# Task to carry out
Reproduce each record below exactly as written.

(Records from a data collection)
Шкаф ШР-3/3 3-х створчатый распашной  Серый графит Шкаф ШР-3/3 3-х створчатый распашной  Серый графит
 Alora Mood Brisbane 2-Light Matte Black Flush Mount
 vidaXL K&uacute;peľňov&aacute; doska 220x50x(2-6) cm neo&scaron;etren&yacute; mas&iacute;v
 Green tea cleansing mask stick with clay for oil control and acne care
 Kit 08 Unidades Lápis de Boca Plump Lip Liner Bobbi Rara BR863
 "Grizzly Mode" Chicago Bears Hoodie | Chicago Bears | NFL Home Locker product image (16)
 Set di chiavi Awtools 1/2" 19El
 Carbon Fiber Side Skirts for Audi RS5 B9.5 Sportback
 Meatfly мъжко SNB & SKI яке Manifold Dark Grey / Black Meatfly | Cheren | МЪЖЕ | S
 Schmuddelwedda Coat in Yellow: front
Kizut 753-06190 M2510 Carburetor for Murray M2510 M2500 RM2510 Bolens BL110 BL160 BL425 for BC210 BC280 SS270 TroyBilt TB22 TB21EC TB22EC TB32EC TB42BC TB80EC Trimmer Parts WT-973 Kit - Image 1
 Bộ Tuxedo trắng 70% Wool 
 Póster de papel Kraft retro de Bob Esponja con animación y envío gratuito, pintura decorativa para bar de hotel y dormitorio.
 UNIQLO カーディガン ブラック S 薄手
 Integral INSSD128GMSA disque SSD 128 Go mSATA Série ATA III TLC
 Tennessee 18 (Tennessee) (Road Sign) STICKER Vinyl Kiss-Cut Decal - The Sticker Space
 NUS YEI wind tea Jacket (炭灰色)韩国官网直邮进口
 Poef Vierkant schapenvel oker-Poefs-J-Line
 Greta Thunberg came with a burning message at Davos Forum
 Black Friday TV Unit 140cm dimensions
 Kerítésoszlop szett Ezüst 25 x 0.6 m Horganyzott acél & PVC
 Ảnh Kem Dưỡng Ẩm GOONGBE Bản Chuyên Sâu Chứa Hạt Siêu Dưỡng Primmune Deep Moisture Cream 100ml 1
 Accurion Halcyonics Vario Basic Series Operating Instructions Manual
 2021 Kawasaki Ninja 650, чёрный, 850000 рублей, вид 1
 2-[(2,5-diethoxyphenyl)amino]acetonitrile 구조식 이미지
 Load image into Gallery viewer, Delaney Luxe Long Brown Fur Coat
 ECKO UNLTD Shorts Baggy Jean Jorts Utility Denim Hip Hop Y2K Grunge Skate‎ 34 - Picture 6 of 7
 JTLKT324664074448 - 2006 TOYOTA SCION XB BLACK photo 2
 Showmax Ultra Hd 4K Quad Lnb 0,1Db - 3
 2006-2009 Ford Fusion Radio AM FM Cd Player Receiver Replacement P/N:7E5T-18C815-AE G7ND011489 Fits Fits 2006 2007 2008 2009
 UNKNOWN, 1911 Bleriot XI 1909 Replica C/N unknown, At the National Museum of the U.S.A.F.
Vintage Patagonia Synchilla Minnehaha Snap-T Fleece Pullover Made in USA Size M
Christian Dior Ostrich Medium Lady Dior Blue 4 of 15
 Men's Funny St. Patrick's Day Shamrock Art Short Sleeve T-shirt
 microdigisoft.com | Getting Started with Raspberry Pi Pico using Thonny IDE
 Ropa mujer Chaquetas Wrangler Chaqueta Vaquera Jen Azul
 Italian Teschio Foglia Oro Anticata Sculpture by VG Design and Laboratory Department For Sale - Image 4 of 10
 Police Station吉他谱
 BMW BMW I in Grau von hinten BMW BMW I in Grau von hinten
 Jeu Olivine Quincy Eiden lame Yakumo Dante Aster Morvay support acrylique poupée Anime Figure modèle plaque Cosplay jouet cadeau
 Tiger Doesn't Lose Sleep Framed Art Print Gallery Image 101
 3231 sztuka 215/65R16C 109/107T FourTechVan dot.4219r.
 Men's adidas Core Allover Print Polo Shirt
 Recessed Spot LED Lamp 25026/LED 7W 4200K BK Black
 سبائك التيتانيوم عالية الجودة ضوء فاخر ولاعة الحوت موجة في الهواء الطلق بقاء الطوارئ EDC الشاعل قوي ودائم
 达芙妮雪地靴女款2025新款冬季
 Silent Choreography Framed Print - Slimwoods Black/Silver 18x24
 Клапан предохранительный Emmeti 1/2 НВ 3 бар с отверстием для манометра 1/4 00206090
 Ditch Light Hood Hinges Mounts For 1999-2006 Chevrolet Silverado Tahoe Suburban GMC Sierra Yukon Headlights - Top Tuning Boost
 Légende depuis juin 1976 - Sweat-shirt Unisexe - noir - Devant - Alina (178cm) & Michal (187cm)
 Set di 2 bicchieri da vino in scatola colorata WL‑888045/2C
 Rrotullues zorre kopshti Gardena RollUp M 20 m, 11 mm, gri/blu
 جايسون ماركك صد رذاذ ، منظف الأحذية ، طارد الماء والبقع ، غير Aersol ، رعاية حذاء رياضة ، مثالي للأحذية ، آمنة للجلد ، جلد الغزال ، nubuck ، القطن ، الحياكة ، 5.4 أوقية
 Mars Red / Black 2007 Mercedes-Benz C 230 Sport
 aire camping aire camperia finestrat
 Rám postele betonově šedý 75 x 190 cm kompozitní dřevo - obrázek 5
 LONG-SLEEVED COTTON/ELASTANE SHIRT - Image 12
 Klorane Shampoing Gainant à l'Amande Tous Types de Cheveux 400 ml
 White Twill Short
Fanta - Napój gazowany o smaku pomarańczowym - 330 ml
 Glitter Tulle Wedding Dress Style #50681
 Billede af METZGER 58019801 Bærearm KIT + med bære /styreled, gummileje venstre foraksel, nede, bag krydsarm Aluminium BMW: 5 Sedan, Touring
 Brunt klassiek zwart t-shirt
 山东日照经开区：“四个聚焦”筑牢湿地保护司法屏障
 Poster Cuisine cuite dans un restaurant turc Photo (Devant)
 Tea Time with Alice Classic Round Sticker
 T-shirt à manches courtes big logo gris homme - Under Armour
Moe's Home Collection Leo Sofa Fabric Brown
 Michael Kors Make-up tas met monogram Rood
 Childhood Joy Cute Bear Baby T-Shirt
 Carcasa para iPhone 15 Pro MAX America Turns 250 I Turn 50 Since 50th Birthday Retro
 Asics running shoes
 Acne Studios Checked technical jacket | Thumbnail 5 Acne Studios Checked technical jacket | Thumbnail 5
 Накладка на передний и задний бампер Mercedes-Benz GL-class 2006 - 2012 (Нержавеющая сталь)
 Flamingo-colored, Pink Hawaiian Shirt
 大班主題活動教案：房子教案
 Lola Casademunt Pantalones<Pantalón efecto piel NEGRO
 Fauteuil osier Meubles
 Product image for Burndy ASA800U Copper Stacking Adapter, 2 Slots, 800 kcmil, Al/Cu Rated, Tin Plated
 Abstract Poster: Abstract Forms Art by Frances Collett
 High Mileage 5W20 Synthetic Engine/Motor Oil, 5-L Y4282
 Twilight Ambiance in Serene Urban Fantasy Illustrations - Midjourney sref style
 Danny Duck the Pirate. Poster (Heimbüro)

# Result of the exercise
Шкаф ШР-3/3 3-х створчатый распашной  Серый графит Шкаф ШР-3/3 3-х створчатый распашной  Серый графит
 Alora Mood Brisbane 2-Light Matte Black Flush Mount
 vidaXL K&uacute;peľňov&aacute; doska 220x50x(2-6) cm neo&scaron;etren&yacute; mas&iacute;v
 Green tea cleansing mask stick with clay for oil control and acne care
 Kit 08 Unidades Lápis de Boca Plump Lip Liner Bobbi Rara BR863
 "Grizzly Mode" Chicago Bears Hoodie | Chicago Bears | NFL Home Locker product image (16)
 Set di chiavi Awtools 1/2" 19El
 Carbon Fiber Side Skirts for Audi RS5 B9.5 Sportback
 Meatfly мъжко SNB & SKI яке Manifold Dark Grey / Black Meatfly | Cheren | МЪЖЕ | S
 Schmuddelwedda Coat in Yellow: front
Kizut 753-06190 M2510 Carburetor for Murray M2510 M2500 RM2510 Bolens BL110 BL160 BL425 for BC210 BC280 SS270 TroyBilt TB22 TB21EC TB22EC TB32EC TB42BC TB80EC Trimmer Parts WT-973 Kit - Image 1
 Bộ Tuxedo trắng 70% Wool 
 Póster de papel Kraft retro de Bob Esponja con animación y envío gratuito, pintura decorativa para bar de hotel y dormitorio.
 UNIQLO カーディガン ブラック S 薄手
 Integral INSSD128GMSA disque SSD 128 Go mSATA Série ATA III TLC
 Tennessee 18 (Tennessee) (Road Sign) STICKER Vinyl Kiss-Cut Decal - The Sticker Space
 NUS YEI wind tea Jacket (炭灰色)韩国官网直邮进口
 Poef Vierkant schapenvel oker-Poefs-J-Line
 Greta Thunberg came with a burning message at Davos Forum
 Black Friday TV Unit 140cm dimensions
 Kerítésoszlop szett Ezüst 25 x 0.6 m Horganyzott acél & PVC
 Ảnh Kem Dưỡng Ẩm GOONGBE Bản Chuyên Sâu Chứa Hạt Siêu Dưỡng Primmune Deep Moisture Cream 100ml 1
 Accurion Halcyonics Vario Basic Series Operating Instructions Manual
 2021 Kawasaki Ninja 650, чёрный, 850000 рублей, вид 1
 2-[(2,5-diethoxyphenyl)amino]acetonitrile 구조식 이미지
 Load image into Gallery viewer, Delaney Luxe Long Brown Fur Coat
 ECKO UNLTD Shorts Baggy Jean Jorts Utility Denim Hip Hop Y2K Grunge Skate‎ 34 - Picture 6 of 7
 JTLKT324664074448 - 2006 TOYOTA SCION XB BLACK photo 2
 Showmax Ultra Hd 4K Quad Lnb 0,1Db - 3
 2006-2009 Ford Fusion Radio AM FM Cd Player Receiver Replacement P/N:7E5T-18C815-AE G7ND011489 Fits Fits 2006 2007 2008 2009
 UNKNOWN, 1911 Bleriot XI 1909 Replica C/N unknown, At the National Museum of the U.S.A.F.
Vintage Patagonia Synchilla Minnehaha Snap-T Fleece Pullover Made in USA Size M
Christian Dior Ostrich Medium Lady Dior Blue 4 of 15
 Men's Funny St. Patrick's Day Shamrock Art Short Sleeve T-shirt
 microdigisoft.com | Getting Started with Raspberry Pi Pico using Thonny IDE
 Ropa mujer Chaquetas Wrangler Chaqueta Vaquera Jen Azul
 Italian Teschio Foglia Oro Anticata Sculpture by VG Design and Laboratory Department For Sale - Image 4 of 10
 Police Station吉他谱
 BMW BMW I in Grau von hinten BMW BMW I in Grau von hinten
 Jeu Olivine Quincy Eiden lame Yakumo Dante Aster Morvay support acrylique poupée Anime Figure modèle plaque Cosplay jouet cadeau
 Tiger Doesn't Lose Sleep Framed Art Print Gallery Image 101
 3231 sztuka 215/65R16C 109/107T FourTechVan dot.4219r.
 Men's adidas Core Allover Print Polo Shirt
 Recessed Spot LED Lamp 25026/LED 7W 4200K BK Black
 سبائك التيتانيوم عالية الجودة ضوء فاخر ولاعة الحوت موجة في الهواء الطلق بقاء الطوارئ EDC الشاعل قوي ودائم
 达芙妮雪地靴女款2025新款冬季
 Silent Choreography Framed Print - Slimwoods Black/Silver 18x24
 Клапан предохранительный Emmeti 1/2 НВ 3 бар с отверстием для манометра 1/4 00206090
 Ditch Light Hood Hinges Mounts For 1999-2006 Chevrolet Silverado Tahoe Suburban GMC Sierra Yukon Headlights - Top Tuning Boost
 Légende depuis juin 1976 - Sweat-shirt Unisexe - noir - Devant - Alina (178cm) & Michal (187cm)
 Set di 2 bicchieri da vino in scatola colorata WL‑888045/2C
 Rrotullues zorre kopshti Gardena RollUp M 20 m, 11 mm, gri/blu
 جايسون ماركك صد رذاذ ، منظف الأحذية ، طارد الماء والبقع ، غير Aersol ، رعاية حذاء رياضة ، مثالي للأحذية ، آمنة للجلد ، جلد الغزال ، nubuck ، القطن ، الحياكة ، 5.4 أوقية
 Mars Red / Black 2007 Mercedes-Benz C 230 Sport
 aire camping aire camperia finestrat
 Rám postele betonově šedý 75 x 190 cm kompozitní dřevo - obrázek 5
 LONG-SLEEVED COTTON/ELASTANE SHIRT - Image 12
 Klorane Shampoing Gainant à l'Amande Tous Types de Cheveux 400 ml
 White Twill Short
Fanta - Napój gazowany o smaku pomarańczowym - 330 ml
 Glitter Tulle Wedding Dress Style #50681
 Billede af METZGER 58019801 Bærearm KIT + med bære /styreled, gummileje venstre foraksel, nede, bag krydsarm Aluminium BMW: 5 Sedan, Touring
 Brunt klassiek zwart t-shirt
 山东日照经开区：“四个聚焦”筑牢湿地保护司法屏障
 Poster Cuisine cuite dans un restaurant turc Photo (Devant)
 Tea Time with Alice Classic Round Sticker
 T-shirt à manches courtes big logo gris homme - Under Armour
Moe's Home Collection Leo Sofa Fabric Brown
 Michael Kors Make-up tas met monogram Rood
 Childhood Joy Cute Bear Baby T-Shirt
 Carcasa para iPhone 15 Pro MAX America Turns 250 I Turn 50 Since 50th Birthday Retro
 Asics running shoes
 Acne Studios Checked technical jacket | Thumbnail 5 Acne Studios Checked technical jacket | Thumbnail 5
 Накладка на передний и задний бампер Mercedes-Benz GL-class 2006 - 2012 (Нержавеющая сталь)
 Flamingo-colored, Pink Hawaiian Shirt
 大班主題活動教案：房子教案
 Lola Casademunt Pantalones<Pantalón efecto piel NEGRO
 Fauteuil osier Meubles
 Product image for Burndy ASA800U Copper Stacking Adapter, 2 Slots, 800 kcmil, Al/Cu Rated, Tin Plated
 Abstract Poster: Abstract Forms Art by Frances Collett
 High Mileage 5W20 Synthetic Engine/Motor Oil, 5-L Y4282
 Twilight Ambiance in Serene Urban Fantasy Illustrations - Midjourney sref style
 Danny Duck the Pirate. Poster (Heimbüro)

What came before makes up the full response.